The ultimate result is that this logic of unlimited exchange and substitutability is extended to any kind of social relationship, central to Chicago economics. Its prominent members, like Becker, Stigler, Schultz or Posner, extend economic reasoning to the heart of family life, law, or even the value of life, talking about ‘human capital’ – a terminology unfortunately imported into sociology by Bourdieu. The professor for whom I was a TA in 1982, already then long retired, had only scorn for this mode thinking, just as most of his older colleagues, and loved to say that Gary Becker certainly is a great expert in the value of marriage, having married at least four times. But they belonged to a dying breed of economists.

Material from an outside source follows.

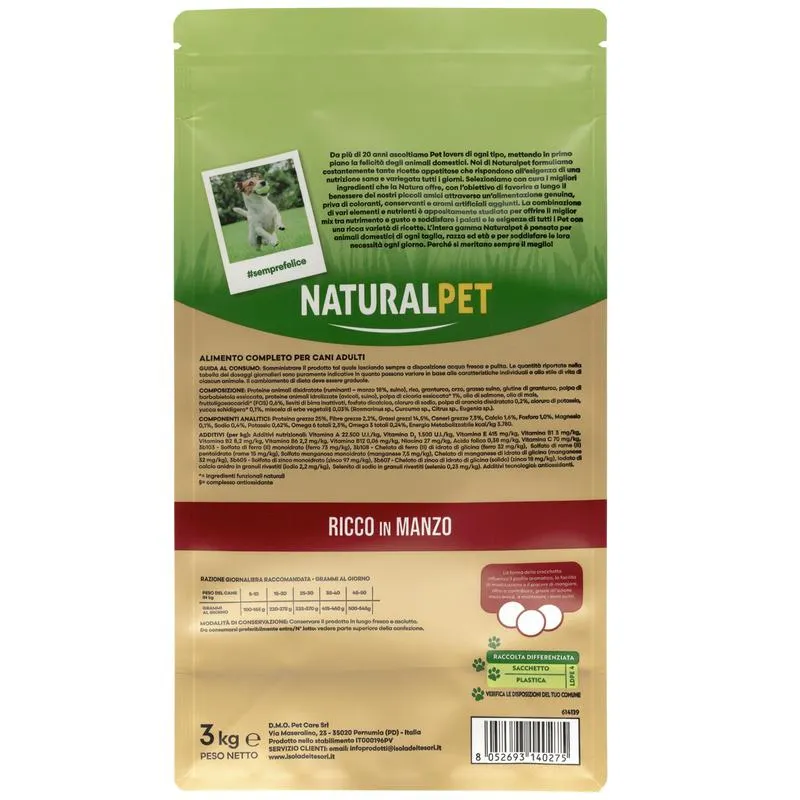 Naturalpet Premium Dog Adult All breeds ricco in Manzo 3 kg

Something must be done so that such a realisation about the meaninglessness of abstract, a priori universalistic generalisations would not be lost. Any moment of liminal crisis is a moment of decision – and this now concerns truly planetary levels. Our current situation could lead to increasing power being assigned to Internet companies (arguing that they deliver without the need for physical presence; a true disaster for education and human contact in general), to multinationals who could survive, while smaller businesses might be forced to close down; to governments (and their polices), national or local, who again got a taste of their real power, being for long undermined by certain aspects of globalisation. Or, if we somehow manage to start thinking and retrieving our better selves, individual and communal, we might start to realise the madness of the kind of Kantian, and economic, thinking which led to the current situation.
This liminal situation certainly cannot last. It might go back to business as before, but this is unlikely. We all must contribute to make things happen to the right direction, and not resign ourselves to the inevitability of the former option.